Julia Cheek, CEO and Co-Founder of Everlywell, USA
Everlywell is a digital health startup that provides at-home medical testing kits and lab results, changing the diagnostics industry. They offer over 30+ testing kits for applications ranging from food sensitivity to allergy tests, and they’ve just recently released an at-home testing kit for COVID-19. This makes it easier for people to have access to a test without having to wait for in-person testing – you can collect your sample at home and have it shipped for free, getting a digital test result within 24-48hours. There’s also a telehealth consultant that can help you through these steps if you need additional help.
Lisa Love, CMO and Co-Founder of Tanoshi, USA
Helping to bridge the digital divide, Tanoshi is a company that aims to give every child the opportunity to develop 21st Century computer skills needed to succeed in this world. They help lower income households and school districts gain access to computers to help give these kids the same opportunities as those from more affluent families and school districts. This is important with schools being forced to close down and the uncertainty of whether kids go back in person or have school online due to COVID-19. Giving all kids access to technology will help make sure no child is unprepared to succeed in a world that is moving more and more to technology.

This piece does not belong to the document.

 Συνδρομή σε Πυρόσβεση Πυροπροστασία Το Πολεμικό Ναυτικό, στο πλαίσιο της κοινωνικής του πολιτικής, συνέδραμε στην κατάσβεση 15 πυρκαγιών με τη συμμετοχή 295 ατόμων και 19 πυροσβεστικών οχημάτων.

Renee Dua, Founder and Chief Medical Officer of Heal, USA
Heal is a telemedicine online startup that connects millions of Americans that have lost their health insurance along with jobs due to COVID-19 to Primary Care doctors online. They operate by having a monthly fixed fee, which eliminates the need for co-pays, deductibles, and insurance altogether, but they still take it if you have it. Patients are offered two ways to get convenient care, either by scheduling a doctor to come visit you at home or scheduling an appointment via video call. Both are safe adhering to the COVID-19 guidelines from the CDC.
Thanks to these women’s contributions to combat the virus, our world is closer to overcoming this pandemic. Their innovations also show how beneficial it is to get more women into STEM/STEAM, where their perspectives on how to tackle the virus lead to more ideas on how to solve other problems all over the world.